Thursday, November 08, 2007

Autodialog


Pengalaman menarik saya dapatkan ketika mengambil mata kuliah di TU Graz. Kebetulan keduanya saya sukai karena bukan hanya teori tapi juga ada praktikum. Saya sangat berharap selain knowledge juga dapet skill, yang satu skill di laboratorium dan satunya di komputer.

Setelah hampir sebulan ternyata hasil dari kedua mata kuliah ini tidak sesuai harapan. Kenyataan dosen praktikum komputer menganggap diri saya bodoh. Mungkin karena saya tidak bisa mengkomunikasikan hasil saya dengan baik, walaupun saya mendapatkan nilai terbagus. Jadi kesempatan saya untuk berinteraksi di kelas pun, sangat dibatasi dengan pandangan meremehkan. Memang awalnya sangat menjengkelkan...sampai-sampai hampir putus asa.

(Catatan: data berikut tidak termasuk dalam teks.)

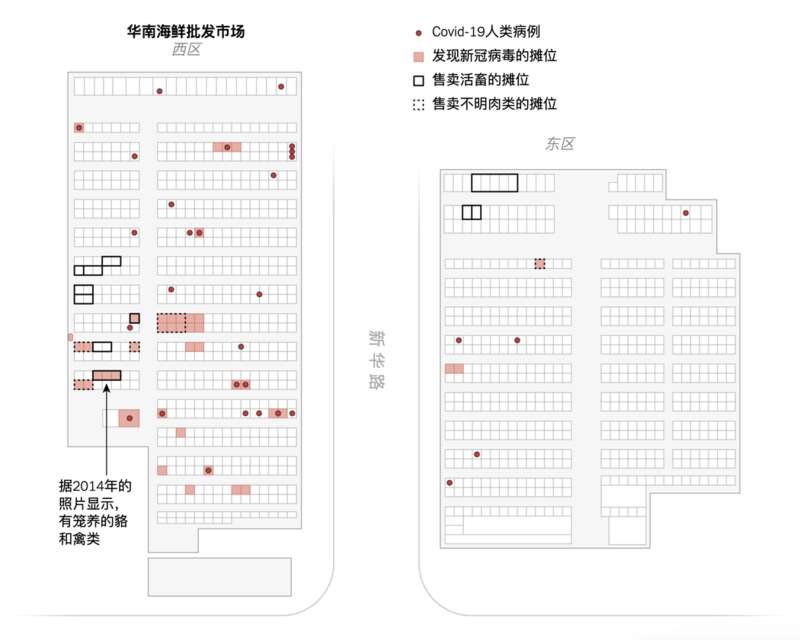 武汉华南海鲜市场卫星图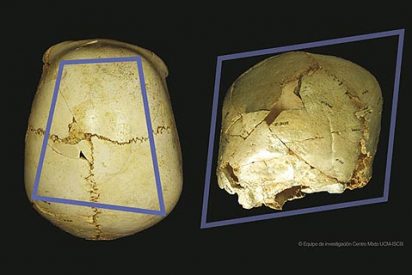 El hombre de Atapuerca tambi&eacute;n miraba musara&ntilde;as... pero gigantes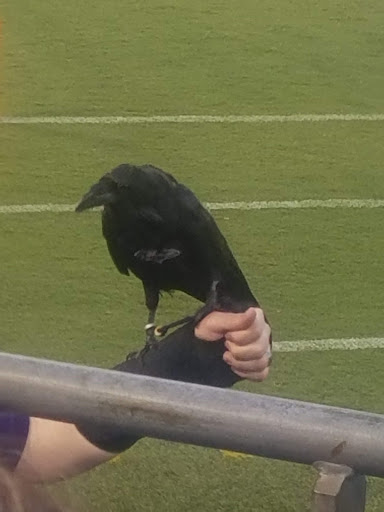 Stadium «M&T Bank Stadium», reviews and photos, 1101 Russell St, Baltimore, MD 21230, USA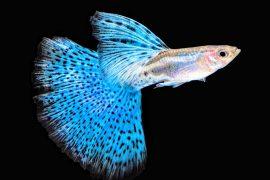 2025/05/Fish-learn.jpg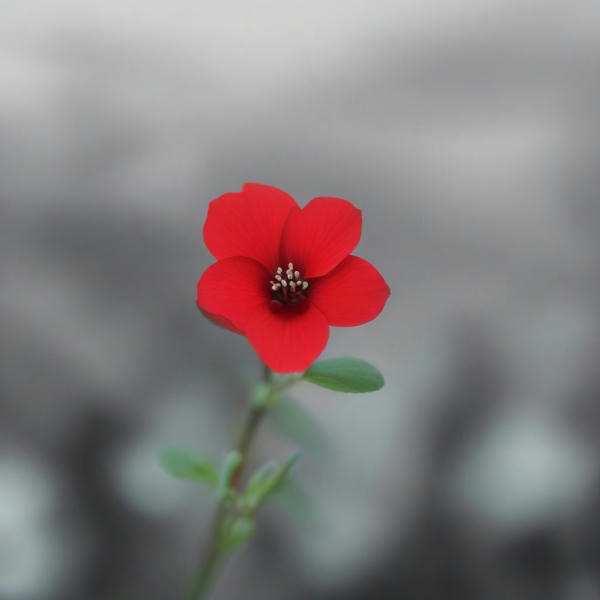 Christmas fireplace - V1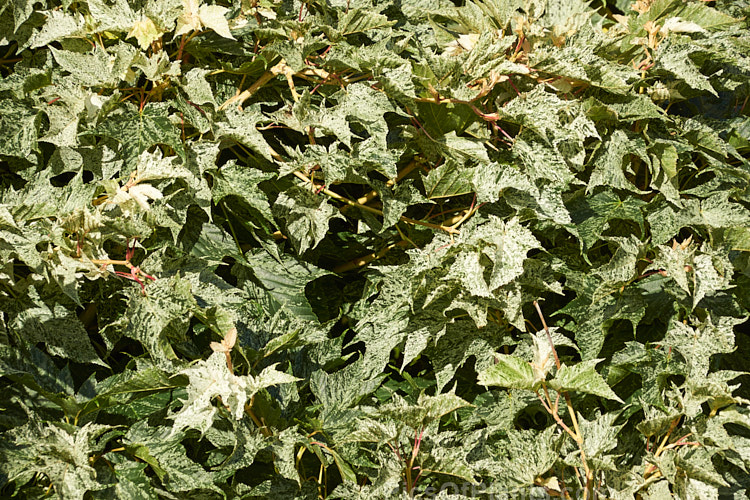 The early summer foliage of <i>Acer pseudoplatanus</i> 'Leopoldii'. Raised in 1864 in Belgium, this variegated cultivar of sycamore with cream and yellow foliage that is strongly pink tinted when young. The parent species is a 30-40m tall deciduous tree with a wide natural distribution in the Eurasian region. Order: Sapindales, Family: Sapindaceae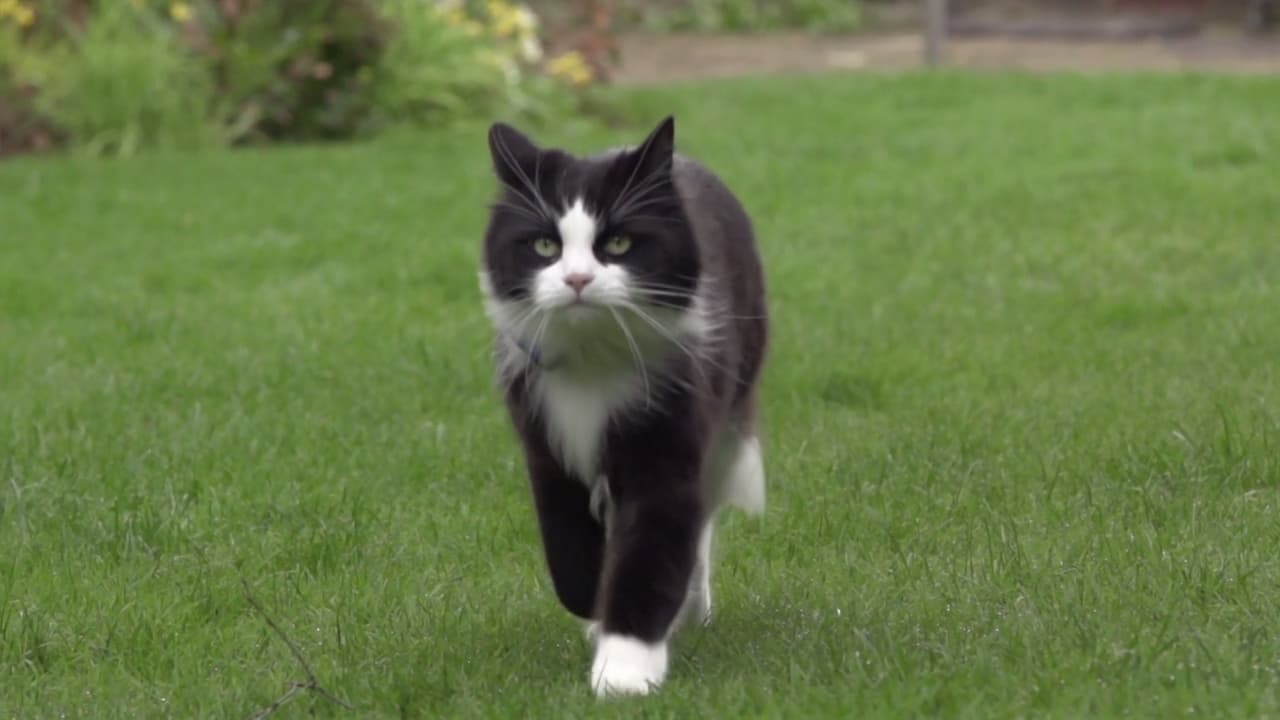 The Secret Life of the Cat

Tapi akhirnya saya merespon dengan bersikap TAHU DIRI. Dengan coba berdialog dengan diri sendiri untuk bercermin. Simak berikut ini dialognya (T: Tanya, J: Jawab):
T: Memangnya Kamu itu siapa?
J : Mahasiswa dari Indonesia tentu saja...(pikirku kok kaya gini ditanyain).
T: What language do you speak actually for this Class?
J: (Wah ini pertanyaan retoris dan sangat filosofis pikir saya)...hmm, I try to speak...(belum selesai)
T: Kamu beraninya ngambil kuliah yg bukan bidangmu?
J : Karena saya mencari ilmu bukan hanya mendalami apa merasa sudah saya miliki.
T: (sambil geleng2) Ya, kenapa kamu berani? Apa kamu tahu resikonya?
J: Ya saya tahu pasti resikonya...dalam posisi mencari saya tidak akan berharap terlalu banyak memahami sepenuhnya. Pemahaman itu lebih ke fungsi waktu jika beban dan kecepatan belajar saya sama (E= Fvt).
T: Lalu?
J: Saya hanya bermodalkan semangat dan menyadari bahwa di sini saya akan bertemu dengan orang-orang yang (mungkin) lebih pinter. Dan saya belum tahu betul kemampuan relatif saya terhadap orang -orang ini di kuliah ini.
T: Apa yang akan kamu lakukan setelah tahu kemampuan relatif kamu sampai sekarang?
J: Saya sebenarnya kurang peduli akan rekan sekelas, toh mereka juga tidak peduli kepada saya. Kuliah masih akan berlangsung 3 bulan lagi, saya masih punya kesempatan untuk mengejar ketinggalan yang saya miliki.
T: Kamu yakin akan hal itu?
J: Saya memang punya keterbatasan dalam diskusi berbahasa Jerman...ingat berbahasa Jerman...apalagi dosen saya seringkali menggunakan istilah Jerman dalam menganalogikan istilah penting dalam kuliah. Tapi saya tetap yakin bisa...
T: Kembali ke pertanyaan tadi 'What language do you speak actually for this Class?'
J: Saya berkomunikasi dengan pemahaman penuh terhadap sesuatu di kuliah ini. Saya tidak akan mau mengumpulkan tugas kalau saya tidak tahu apa yang saya kerjakan.
T: Apa maksudmu?
J: Saya sedang belajar menjadi seorang Doktor, saya sudah harus berusaha jujur akan ability yang saya punya. Sudah saya buang jauh2 sikap untung-untungan dalam setiap saya mendalami ilmu, baik dalam tugas, praktikum, ujian, apalagi riset. Tapi catat...saya selalu berusaha at the best of the best.
T: Kamu tahu, ada batasan waktu untuk study di sini?
J: Justru itu yang sangat saya perhatikan. Kalau dimensi waktu t=berhingga, maka yang saya akan berusaha F(t=berhingga+1) hingga sayapun bisa dengan lantang mengatakan 'usaha saya akan berhenti jika Allah SWT menghendaki'.
T: (menghilang....hanya white noise)
J: Alhamdulillah...saya sudah kembali.

Jika orang sampai bilang 'berani mati untuk mencapai cita2', maka saya akan mengatakan 'berani hidup dalam menghadapi masalah'.

3 comments:

Rainer said...

Siiiip, Mas! Bésok tambah 'Wild Thinking' lagi, ya, Mas Aku paling senang: 'berani hidup dalam menghadapi masalah'. Sukses selalu!

HaryoTomo said...

Terima kasih atas motivasinya...

peregrin said...

awalnya, mau bilang thanks sudah mampir ke blog saya.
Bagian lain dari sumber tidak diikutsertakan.